A CVSS 3.1 vulnerability is patched within 48 hours. Teams drop everything.
CVSS didn't warn you about the difference. EPSS would have.
EPSS (Exploit Prediction Scoring System) answers a question CVSS can't: Will this vulnerability actually be exploited in the next 30 days? It's the difference between theoretical risk and practical threat. Between "this is severe if exploited" and "threat actors are exploiting this right now."
For teams managing hundreds of vulnerabilities, EPSS tells you which 3 out of 50 findings deserve your attention today.

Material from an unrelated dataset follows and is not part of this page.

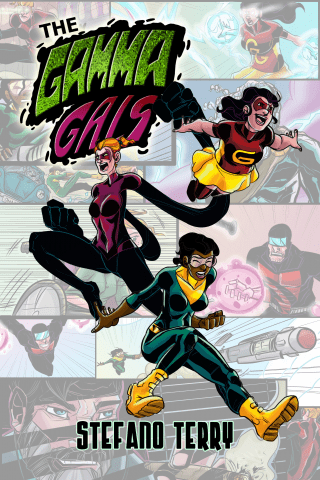 .@StefanoTerry's #superhero #ComicBook series, @TheGammaGals, aims to show that everyone can be a hero! Available in print from @Fanbase_Press! #Comics #CreatingFandoms #RPG #IndieComics #StoriesMatter #KidLit #Superheroes #LibComix #EduComix fanbasepress.ecrater.com/p/26117946/the…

TL;DR: EPSS is a daily-updated machine learning score (0.0–1.0) that predicts the probability a CVE will be exploited in the next 30 days. About 85% of CVEs score below 0.1 — meaning most alerts are noise. The ~4% scoring above 0.5 are where your team's energy belongs. Combined with CISA KEV, EPSS lets you cut alert fatigue and patch the vulnerabilities that will actually hurt you.
What We'll Cover
- What EPSS is and how it works
- How the ML model trains on real threat intelligence
- Where most CVEs actually land (the EPSS distribution)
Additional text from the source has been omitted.